Troubleshooting: Instance manager pods are restarted every hour
Applicable versions
v1.0.1 or newer
Background
Each Longhorn volume has one engine and one or more replicas (see more detail about Longhorn architecture at here).
When a Longhorn volume is attached, Longhorn launches a process for each engine/replica object.
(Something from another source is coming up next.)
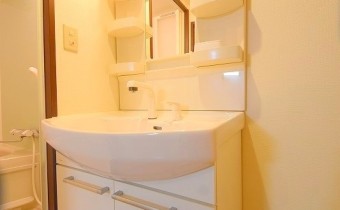 シャンプードレッサー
The engine process will be launched inside engine instance manager pods (the instance-manager-e-xxxxxxxx
pods inside longhorn-system
namespace).
The replica process will be launched inside replica instance manager pods (the instance-manager-r-xxxxxxxx
pods inside longhorn-system
namespace).
Symptoms
The instance manager pods are restarted every hour. As the consequence, Longhorn volumes and the workload pods are crashed every hour.
Reason
One potential root cause is that the cluster has the default PriorityClass (i.e., the PriorityClass with globalDefault
field set to true
) but the PriorityClass setting in Longhorn is empty.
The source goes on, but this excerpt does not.